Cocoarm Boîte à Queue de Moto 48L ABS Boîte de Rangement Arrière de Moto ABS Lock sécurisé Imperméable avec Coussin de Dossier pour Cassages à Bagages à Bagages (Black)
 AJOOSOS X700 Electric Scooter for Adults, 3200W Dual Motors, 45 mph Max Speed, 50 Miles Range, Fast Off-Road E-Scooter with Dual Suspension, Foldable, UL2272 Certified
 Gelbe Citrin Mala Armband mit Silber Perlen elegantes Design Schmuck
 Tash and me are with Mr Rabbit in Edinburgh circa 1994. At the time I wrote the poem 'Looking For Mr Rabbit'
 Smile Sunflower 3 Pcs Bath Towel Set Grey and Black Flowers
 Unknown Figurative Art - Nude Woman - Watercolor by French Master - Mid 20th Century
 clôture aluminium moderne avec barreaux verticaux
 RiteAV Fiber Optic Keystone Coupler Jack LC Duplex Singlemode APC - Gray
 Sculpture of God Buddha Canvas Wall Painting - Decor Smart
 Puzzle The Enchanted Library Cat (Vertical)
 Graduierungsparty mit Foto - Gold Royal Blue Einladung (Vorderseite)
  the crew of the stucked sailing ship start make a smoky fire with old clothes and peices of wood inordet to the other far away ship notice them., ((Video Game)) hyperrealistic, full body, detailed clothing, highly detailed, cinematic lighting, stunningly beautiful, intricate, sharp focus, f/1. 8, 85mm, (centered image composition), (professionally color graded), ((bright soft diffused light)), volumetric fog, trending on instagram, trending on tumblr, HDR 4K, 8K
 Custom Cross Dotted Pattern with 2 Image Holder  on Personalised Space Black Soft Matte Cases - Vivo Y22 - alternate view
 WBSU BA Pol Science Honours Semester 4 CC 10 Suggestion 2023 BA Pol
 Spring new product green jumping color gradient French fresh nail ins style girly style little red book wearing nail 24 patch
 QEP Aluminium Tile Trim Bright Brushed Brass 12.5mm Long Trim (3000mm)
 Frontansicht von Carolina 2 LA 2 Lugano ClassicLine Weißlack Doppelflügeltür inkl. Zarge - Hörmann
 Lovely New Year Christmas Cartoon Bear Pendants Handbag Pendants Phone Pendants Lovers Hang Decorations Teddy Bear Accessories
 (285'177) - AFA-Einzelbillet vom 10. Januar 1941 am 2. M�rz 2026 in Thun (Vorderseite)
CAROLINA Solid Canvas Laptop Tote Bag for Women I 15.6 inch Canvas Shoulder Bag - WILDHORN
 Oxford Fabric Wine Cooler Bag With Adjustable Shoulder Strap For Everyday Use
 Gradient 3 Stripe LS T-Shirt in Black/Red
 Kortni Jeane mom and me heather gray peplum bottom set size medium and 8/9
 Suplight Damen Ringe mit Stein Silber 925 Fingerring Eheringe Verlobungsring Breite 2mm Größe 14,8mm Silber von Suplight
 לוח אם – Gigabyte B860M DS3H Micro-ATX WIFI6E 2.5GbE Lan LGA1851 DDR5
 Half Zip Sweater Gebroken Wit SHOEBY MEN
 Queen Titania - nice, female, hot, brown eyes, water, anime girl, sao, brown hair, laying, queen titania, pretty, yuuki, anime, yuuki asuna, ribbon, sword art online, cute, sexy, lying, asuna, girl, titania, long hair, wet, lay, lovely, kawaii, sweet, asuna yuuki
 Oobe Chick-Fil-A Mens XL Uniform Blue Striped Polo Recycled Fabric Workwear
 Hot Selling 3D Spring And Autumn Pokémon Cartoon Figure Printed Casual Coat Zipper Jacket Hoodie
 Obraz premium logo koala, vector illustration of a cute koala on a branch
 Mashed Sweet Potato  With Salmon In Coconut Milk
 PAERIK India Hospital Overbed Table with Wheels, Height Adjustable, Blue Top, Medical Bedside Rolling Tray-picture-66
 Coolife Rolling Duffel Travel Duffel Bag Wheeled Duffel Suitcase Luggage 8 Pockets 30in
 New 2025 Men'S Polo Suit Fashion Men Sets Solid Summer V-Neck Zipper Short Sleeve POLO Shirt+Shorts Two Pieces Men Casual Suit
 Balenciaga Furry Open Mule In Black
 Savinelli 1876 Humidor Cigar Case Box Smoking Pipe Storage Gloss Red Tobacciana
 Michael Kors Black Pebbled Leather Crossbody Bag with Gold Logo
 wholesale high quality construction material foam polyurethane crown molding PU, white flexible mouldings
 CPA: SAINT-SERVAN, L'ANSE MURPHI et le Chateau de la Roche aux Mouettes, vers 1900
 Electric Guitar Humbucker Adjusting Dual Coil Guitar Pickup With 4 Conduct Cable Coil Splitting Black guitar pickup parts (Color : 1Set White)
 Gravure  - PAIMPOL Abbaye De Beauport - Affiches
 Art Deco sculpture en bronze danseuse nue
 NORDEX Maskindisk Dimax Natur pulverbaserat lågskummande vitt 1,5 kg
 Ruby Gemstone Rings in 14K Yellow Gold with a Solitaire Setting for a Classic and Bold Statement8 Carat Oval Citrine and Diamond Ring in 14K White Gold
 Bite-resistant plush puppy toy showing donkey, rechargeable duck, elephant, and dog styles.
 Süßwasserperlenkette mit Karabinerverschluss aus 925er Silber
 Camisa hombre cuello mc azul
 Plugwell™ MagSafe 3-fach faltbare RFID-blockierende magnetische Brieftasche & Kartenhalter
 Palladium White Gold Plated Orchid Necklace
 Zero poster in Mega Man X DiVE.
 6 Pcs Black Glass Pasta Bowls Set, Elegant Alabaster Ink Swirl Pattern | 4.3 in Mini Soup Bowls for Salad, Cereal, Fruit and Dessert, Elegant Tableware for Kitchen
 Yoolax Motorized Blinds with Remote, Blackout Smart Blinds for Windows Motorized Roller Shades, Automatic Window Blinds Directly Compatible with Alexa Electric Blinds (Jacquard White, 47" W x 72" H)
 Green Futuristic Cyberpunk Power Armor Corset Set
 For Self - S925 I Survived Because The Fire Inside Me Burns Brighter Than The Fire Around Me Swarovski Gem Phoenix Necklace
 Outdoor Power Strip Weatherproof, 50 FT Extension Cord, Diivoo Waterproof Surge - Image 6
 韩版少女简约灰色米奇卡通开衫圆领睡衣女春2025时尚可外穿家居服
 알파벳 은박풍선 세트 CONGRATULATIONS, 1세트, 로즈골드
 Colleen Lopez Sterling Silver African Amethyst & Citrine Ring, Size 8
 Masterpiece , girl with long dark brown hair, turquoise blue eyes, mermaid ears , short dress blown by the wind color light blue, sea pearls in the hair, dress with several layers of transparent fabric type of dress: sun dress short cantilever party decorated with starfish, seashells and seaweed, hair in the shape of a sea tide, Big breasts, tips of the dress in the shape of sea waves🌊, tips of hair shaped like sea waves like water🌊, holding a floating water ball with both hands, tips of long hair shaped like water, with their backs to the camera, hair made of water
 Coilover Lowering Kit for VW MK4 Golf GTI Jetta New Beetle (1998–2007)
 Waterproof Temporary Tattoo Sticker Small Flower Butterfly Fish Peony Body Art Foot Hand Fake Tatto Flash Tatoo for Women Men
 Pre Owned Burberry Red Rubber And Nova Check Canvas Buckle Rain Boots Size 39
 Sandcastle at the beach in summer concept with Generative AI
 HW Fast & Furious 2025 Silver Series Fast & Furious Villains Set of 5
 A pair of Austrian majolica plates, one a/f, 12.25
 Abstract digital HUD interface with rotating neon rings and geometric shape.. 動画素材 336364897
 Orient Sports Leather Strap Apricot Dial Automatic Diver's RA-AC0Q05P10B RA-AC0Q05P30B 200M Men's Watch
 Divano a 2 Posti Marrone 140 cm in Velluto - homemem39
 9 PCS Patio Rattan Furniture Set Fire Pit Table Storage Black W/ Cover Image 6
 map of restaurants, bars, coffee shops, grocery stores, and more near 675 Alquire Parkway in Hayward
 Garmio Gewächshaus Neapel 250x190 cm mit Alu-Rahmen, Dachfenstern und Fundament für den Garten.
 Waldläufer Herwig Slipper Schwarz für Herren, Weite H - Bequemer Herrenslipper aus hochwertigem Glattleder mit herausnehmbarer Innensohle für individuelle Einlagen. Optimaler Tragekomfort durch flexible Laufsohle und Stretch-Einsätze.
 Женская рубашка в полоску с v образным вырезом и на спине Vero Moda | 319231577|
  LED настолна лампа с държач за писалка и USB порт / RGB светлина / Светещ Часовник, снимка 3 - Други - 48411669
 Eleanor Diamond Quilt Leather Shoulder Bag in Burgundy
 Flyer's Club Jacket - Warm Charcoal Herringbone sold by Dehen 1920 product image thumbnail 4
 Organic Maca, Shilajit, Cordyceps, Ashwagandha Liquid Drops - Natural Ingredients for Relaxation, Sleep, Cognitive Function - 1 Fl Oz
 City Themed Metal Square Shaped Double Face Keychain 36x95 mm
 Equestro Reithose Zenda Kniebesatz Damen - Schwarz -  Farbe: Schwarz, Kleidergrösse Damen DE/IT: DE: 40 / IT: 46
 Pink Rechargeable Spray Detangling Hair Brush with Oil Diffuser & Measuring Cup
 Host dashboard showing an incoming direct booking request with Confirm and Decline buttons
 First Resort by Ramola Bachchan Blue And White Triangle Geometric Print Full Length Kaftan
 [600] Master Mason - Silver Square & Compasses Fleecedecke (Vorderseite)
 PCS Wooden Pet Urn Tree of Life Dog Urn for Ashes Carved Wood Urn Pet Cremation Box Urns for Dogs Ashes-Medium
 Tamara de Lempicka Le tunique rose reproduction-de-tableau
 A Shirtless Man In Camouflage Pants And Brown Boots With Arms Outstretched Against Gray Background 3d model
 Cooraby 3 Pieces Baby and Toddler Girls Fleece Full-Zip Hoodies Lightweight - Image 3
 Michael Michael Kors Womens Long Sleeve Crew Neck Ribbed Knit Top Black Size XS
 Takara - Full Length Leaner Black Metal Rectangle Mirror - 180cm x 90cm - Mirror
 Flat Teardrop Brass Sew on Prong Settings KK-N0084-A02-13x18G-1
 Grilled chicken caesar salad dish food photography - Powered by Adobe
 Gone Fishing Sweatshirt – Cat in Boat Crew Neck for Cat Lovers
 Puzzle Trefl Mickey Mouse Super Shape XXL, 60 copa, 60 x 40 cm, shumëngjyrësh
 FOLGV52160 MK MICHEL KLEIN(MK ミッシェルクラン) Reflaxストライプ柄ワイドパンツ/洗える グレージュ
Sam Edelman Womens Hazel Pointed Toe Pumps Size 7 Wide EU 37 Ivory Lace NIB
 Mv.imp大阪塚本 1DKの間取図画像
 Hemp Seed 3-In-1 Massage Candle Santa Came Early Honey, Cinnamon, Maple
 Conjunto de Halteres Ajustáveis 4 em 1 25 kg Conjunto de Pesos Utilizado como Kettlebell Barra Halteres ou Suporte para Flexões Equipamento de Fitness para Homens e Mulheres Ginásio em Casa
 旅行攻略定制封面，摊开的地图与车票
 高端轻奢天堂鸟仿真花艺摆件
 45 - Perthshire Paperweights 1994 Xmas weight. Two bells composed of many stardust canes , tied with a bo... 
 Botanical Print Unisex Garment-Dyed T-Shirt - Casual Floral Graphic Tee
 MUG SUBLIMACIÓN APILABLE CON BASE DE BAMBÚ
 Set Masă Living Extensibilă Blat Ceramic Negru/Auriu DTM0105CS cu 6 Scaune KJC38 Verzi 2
········
Your assignment: Make an exact copy of the lines running from the one with "A Shirtless Man" to the last line of the listing, including both ends.

Task response:
 A Shirtless Man In Camouflage Pants And Brown Boots With Arms Outstretched Against Gray Background 3d model
 Cooraby 3 Pieces Baby and Toddler Girls Fleece Full-Zip Hoodies Lightweight - Image 3
 Michael Michael Kors Womens Long Sleeve Crew Neck Ribbed Knit Top Black Size XS
 Takara - Full Length Leaner Black Metal Rectangle Mirror - 180cm x 90cm - Mirror
 Flat Teardrop Brass Sew on Prong Settings KK-N0084-A02-13x18G-1
 Grilled chicken caesar salad dish food photography - Powered by Adobe
 Gone Fishing Sweatshirt – Cat in Boat Crew Neck for Cat Lovers
 Puzzle Trefl Mickey Mouse Super Shape XXL, 60 copa, 60 x 40 cm, shumëngjyrësh
 FOLGV52160 MK MICHEL KLEIN(MK ミッシェルクラン) Reflaxストライプ柄ワイドパンツ/洗える グレージュ
Sam Edelman Womens Hazel Pointed Toe Pumps Size 7 Wide EU 37 Ivory Lace NIB
 Mv.imp大阪塚本 1DKの間取図画像
 Hemp Seed 3-In-1 Massage Candle Santa Came Early Honey, Cinnamon, Maple
 Conjunto de Halteres Ajustáveis 4 em 1 25 kg Conjunto de Pesos Utilizado como Kettlebell Barra Halteres ou Suporte para Flexões Equipamento de Fitness para Homens e Mulheres Ginásio em Casa
 旅行攻略定制封面，摊开的地图与车票
 高端轻奢天堂鸟仿真花艺摆件
 45 - Perthshire Paperweights 1994 Xmas weight. Two bells composed of many stardust canes , tied with a bo... 
 Botanical Print Unisex Garment-Dyed T-Shirt - Casual Floral Graphic Tee
 MUG SUBLIMACIÓN APILABLE CON BASE DE BAMBÚ
 Set Masă Living Extensibilă Blat Ceramic Negru/Auriu DTM0105CS cu 6 Scaune KJC38 Verzi 2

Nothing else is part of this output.